Title: Towards novel solid-state batteries, magnesium and calcium electrolytes

Speaker: Prof.R. Jensen

Time: 11:00 AM, May 11,2026 

Venue: 3rd Floor Conference Room, Building B5, University Town Campus

Abstract:

Solid state batteries created using abundant and cheap elements may pave the way towards a more sustainable future. In particular, new approaches for direct storage of large amounts of renewable electricity both for mobile and stationary applications needs to be developed. Hydridoborates are built by polar-covalent chemical bonds, which provide ‘zero’ electronic conductivity and are therefore an excellent platform for development of electrolytes for solid state batteries. Hydridoborates can also contain neutral organic molecules that contributes to make the structures more open as compared to close-packed oxides and halides. Hydridoborate anions can coordinate to cations via a corner, an edge or a face and thereby contribute to structural flexibility and fast cationic conductivity. A new ligand assisted cationic conductivity mechanism was discovered, where a neutral molecule is exchanged between interstitial and framework cations. These phenomena contribute to the record-high divalent cationic conductivities at moderate temperatures observed for derivatives of magnesium and calcium tetrahydridoborates, e.g. β−Mg(BH4)2·CH3NH2, σ(Mg2+) = 1.5·104 Scm1 at RT [3]. A solid-state rechargeable magnesium battery using a magnesium metal anode, Mg(BH4)2·1.5THF−MgO(75 wt%, 50 nm) electrolyte, and a TiS2 cathode was developed with a cell voltage of 1.2 V. The highest calcium conductivities among solids were observed recently for a nano-composite material, Ca(BH4)2·4NH2CH3−MgO (50 wt%, 50 nm) reaching σ(Ca2+) = 1.3·10−4 S cm−1 at 60 °C .

Speaker Biography:

Torben R. Jensen obtained a PhD degree in materials chemistry at University of Southern Denmark (1999) and then joined Risø Natl. Lab. as a post doc, where he changed research topic to biophysics. He became Assistant Prof., at Chemistry Department, Aarhus University and associated to The Interdisciplinary Nanoscience center (iNANO) in 2000. Since then, he has assembled a unique and productive independent research group within energy materials science.

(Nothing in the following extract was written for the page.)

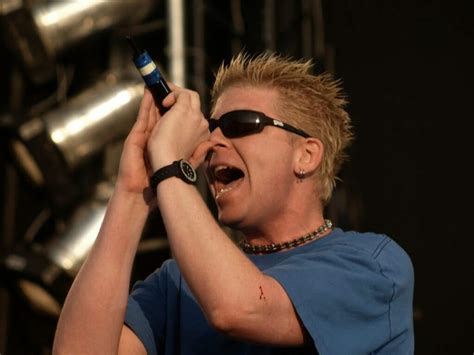 Dexter Holland Completa 51 Anos Nesta Quinta Feira 2912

The research achievements led to a Doctor of Science degree (D.Sc.) in 2014 and promotion to Professor in 2016. The research group has focused on the chemistry and physics of hydrogen and synthesised multitudes of new metal hydrides by combining solvent-based methods, mechanochemistry, and solid-gas reactions, etc. They also infiltrated hydrides in nanoporous scaffolds and conducted systematic studies of properties as a function of pore size and surface area to investigate the nano effects. The group lately discovered extremely dense packing of hydrogen in nanoporous matter and that weak dihydrogen bonds in the solid state facilitate fast cationic conductivity and demonstrated the hydrides are functional battery materials. They successfully made lithium and magnesium solid state batteries based on hydrides. Prof. Jensen published >390 scientific papers which received >20,000 citations (H = 71, scopus).